Dos días después, el peronismo llevó todavía más gente la 9 de julio para cerrar la campaña. Lúder no tenía ni el carisma ni la oratoria magnética de su rival. Tampoco una tropa ordenada. El acto finalizó con Herminio Iglesias prendiendo fuego el cajón.
Después, el silencio.
La veda electoral se cumplió de manera estricta. El civismo había invadido a los argentinos. Tal vez nunca la sociedad se apegó tanto a las normas como en esas horas. Toda la población comprendía la importancia de las elecciones, de la recuperación democrática. Y nadie quería ser culpable de que algo saliera mal.
La noche del 29 los teatros, cines y restaurantes habían cerrado temprano. Los boliches bailables ni siquiera abrieron. No se expidió alcohol y puede haber sido el día del Siglo XX que más temprano se fueron a dormir los argentinos.
El día que volvió la democracia
El 30 de octubre el país amaneció temprano. E ilusionado. Cada ciudadano iba a cumplir con su rol. Autoridades de mesa, fiscales, votantes.

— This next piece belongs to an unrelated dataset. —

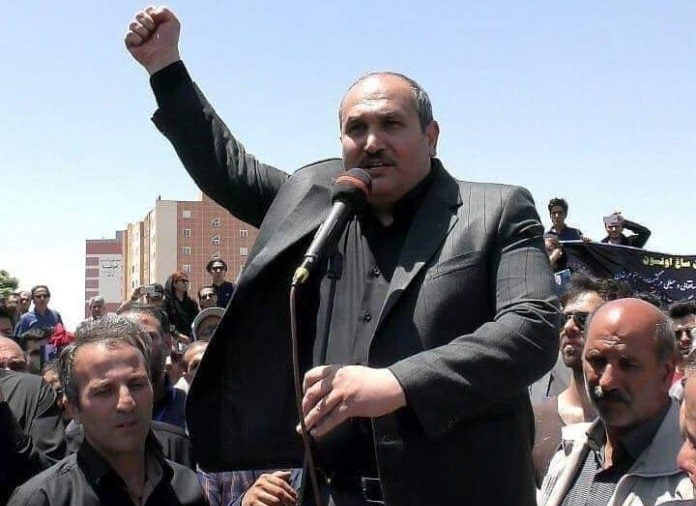 عباس لسانی از پیشروان مبارزه خشونت پرهیز و نافرمانی مدنی در طی سه دهه گذشته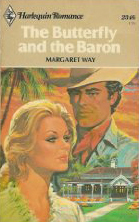 The Butterfly and the Baron book cover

Los canales de televisión, los diarios y las revistas enviaron a sus periodistas a las diferentes escuelas para captar el momento en que candidatos, influyentes y celebridades emitieran su voto. Por supuesto, quedó registrado cuando Alfonsín y Lúder ponían el sobre en la urna. Pero también vimos a Susana Giménez, Mirtha Legrand, futuros diputados, jugadores de River y de Boca (tiempo después el apoyo de Hugo Gatti a la UCR le trajo problemas con la 12, la barra brava liderada por El Abuelo –de premonitorio nombre: José Barrita). Uno de esos que era esperado por los periodistas votó en el Colegio Rivadavia, a menos de dos cuadras de la estación Castelar. Era el entonces General Reynaldo Bignone, el presidente a cargo, el último de facto. Con traje marrón, corbata marrón, camisa beige y unos amplios anteojos oscuros se paró frente a los periodistas y casi sin escuchar sus preguntas soltó un largo mensaje auto celebratorio: “Tengo la enorme satisfacción de decir, como soldado que he sido toda la vida, que la misión ha sido cumplida”. Hoy, con mirada retrospectiva, la frase estremece. Pero Bignone se refería, con orgullo y su lenguaje entre marcial y alambicado, a haber comandado la transición. Presentaba casi como una graciosa (en ambos sentidos del término) concesión permitir a los argentinos votar.